Pittsburgh Post-Gazette

Great Lakes wolves on endangered list

- By John Flesher

Associated Press

TRAVERSE CITY, Mich. — A federal appeals court Tuesday retained federal protection for gray wolves in the western Great Lakes region, ruling that the government made crucial errors when it dropped them from the endangered species list five years ago.

The court upheld a district judge who overruled the U.S. Fish and Wildlife Service, which had determined that wolves in Michigan, Minnesota and Wisconsin had recovered after being shot, trapped and poisoned nearly out of existence in the previous century. They’ve bounced back and now total about 3,800.

Even so, courts have sided with environmen­tal groups led by the Humane Society of the United States, which have sued to block the service’s repeated efforts to strip wolves in the region of their protected status and put states in charge of them. The service made its latest attempt in 2011. U.S. Judge Beryl A. Howell struck down the plan three years later.

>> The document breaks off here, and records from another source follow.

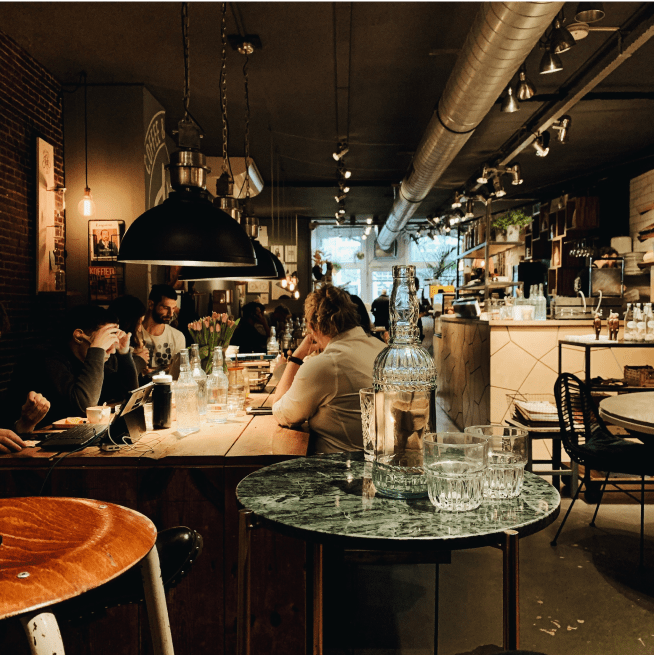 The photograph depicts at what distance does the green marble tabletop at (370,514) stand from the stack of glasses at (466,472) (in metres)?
0.03

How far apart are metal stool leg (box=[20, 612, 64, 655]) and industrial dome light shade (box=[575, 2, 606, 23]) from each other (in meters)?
3.90

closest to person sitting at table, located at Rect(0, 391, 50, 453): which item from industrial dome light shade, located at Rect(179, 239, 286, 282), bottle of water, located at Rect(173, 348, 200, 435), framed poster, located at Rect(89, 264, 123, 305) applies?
bottle of water, located at Rect(173, 348, 200, 435)

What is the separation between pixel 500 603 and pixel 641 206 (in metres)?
7.43

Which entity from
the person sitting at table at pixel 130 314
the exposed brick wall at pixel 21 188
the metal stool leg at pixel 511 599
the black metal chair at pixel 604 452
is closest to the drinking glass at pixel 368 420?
the metal stool leg at pixel 511 599

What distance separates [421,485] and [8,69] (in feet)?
16.3

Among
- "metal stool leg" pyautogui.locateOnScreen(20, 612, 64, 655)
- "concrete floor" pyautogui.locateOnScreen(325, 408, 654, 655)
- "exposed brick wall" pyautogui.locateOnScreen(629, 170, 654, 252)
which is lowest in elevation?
"concrete floor" pyautogui.locateOnScreen(325, 408, 654, 655)

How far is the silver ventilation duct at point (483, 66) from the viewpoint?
311cm

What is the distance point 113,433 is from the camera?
2.23 meters

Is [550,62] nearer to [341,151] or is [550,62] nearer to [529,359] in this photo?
[529,359]

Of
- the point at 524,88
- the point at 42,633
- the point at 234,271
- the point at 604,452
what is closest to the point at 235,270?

In a 3-0 ruling Tuesday, a panel of the U.S. Court of Appeals for the District of Columbia Circuit said the service had not sufficient­ly considered important factors. They included how loss of historical territory would affect the predator’s recovery and how removing the Great Lakes population segment from the endangered list would affect wolves in other parts of the nation.

As long as wolves are on the protected list, they cannot be killed unless human life is at risk. That means the three states cannot resume the hunting and trapping seasons they had when wolves were under their control.

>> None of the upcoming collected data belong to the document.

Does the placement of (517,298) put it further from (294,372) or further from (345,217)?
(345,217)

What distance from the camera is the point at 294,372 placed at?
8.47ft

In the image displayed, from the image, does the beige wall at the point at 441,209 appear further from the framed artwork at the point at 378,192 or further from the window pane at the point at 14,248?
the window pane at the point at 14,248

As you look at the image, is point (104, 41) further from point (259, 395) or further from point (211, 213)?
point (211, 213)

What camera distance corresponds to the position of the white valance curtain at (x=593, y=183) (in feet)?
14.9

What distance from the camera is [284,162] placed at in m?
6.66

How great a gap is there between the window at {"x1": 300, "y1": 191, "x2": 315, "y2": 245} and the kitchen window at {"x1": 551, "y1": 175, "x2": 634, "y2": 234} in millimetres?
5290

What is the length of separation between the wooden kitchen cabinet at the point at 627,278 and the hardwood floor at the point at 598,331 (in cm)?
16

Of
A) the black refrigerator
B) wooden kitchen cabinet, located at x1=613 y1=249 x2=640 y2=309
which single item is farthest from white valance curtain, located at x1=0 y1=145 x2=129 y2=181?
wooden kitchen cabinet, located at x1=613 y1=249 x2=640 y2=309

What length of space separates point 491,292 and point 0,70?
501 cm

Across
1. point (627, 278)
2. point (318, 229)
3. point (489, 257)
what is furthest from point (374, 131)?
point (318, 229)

A spokeswoma­n for the Fish and Wildlife Service had no immediate comment.

The same court took wolves in Wyoming off the endangered list in May.

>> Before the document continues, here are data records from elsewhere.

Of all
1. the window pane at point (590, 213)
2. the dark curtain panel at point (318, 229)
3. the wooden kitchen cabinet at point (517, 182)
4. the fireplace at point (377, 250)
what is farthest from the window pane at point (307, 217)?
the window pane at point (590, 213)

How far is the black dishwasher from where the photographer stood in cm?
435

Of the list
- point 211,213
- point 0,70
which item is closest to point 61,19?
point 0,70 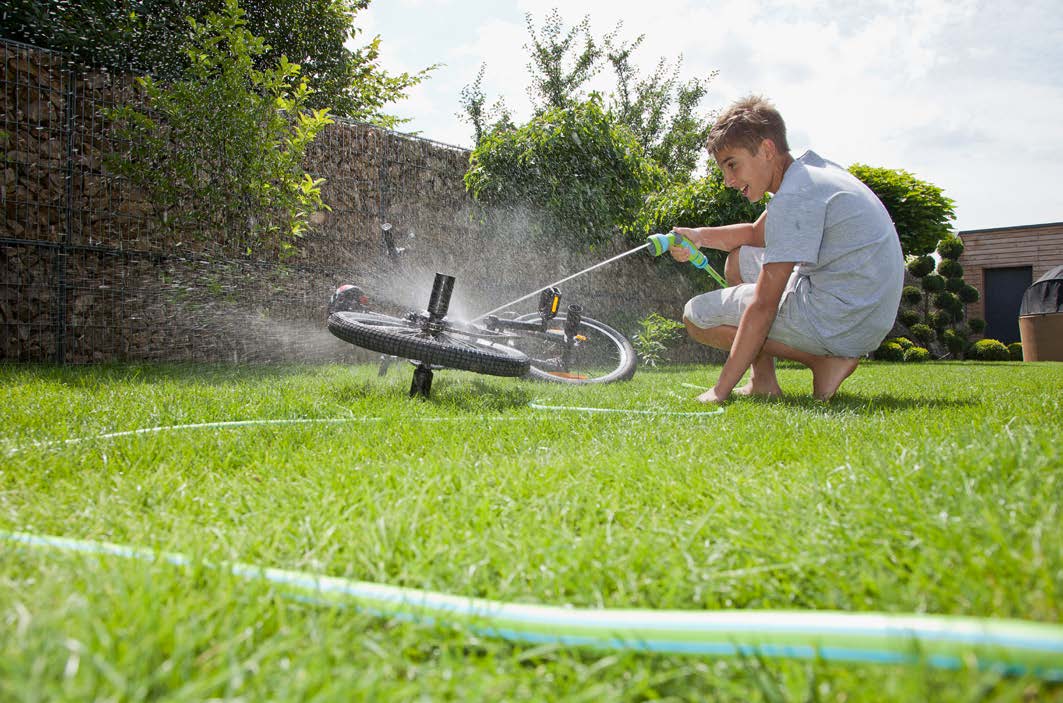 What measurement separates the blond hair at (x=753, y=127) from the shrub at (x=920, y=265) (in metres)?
14.1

Environmen­tal advocates cheered the ruling on Great Lakes wolves, saying they remain vulnerable despite their comeback in recent decades.

“The second highest court in the nation reaffirmed that we must do much more to recover gray wolves before declaring the mission accomplish­ed,” said Noah Greenwald, endangered species program director at the Center for Biological Diversity. “Wolves are still missing from more than 90 percent of their historic range in the lower 48 states, and both the Endangered Species Act and common sense tell us we can’t ignore that loss.”

Organizati­ons representi­ng farmers and ranchers, who want authority to shoot wolves preying on livestock, have long pushed to drop them from the federal list, which hunting groups also favor.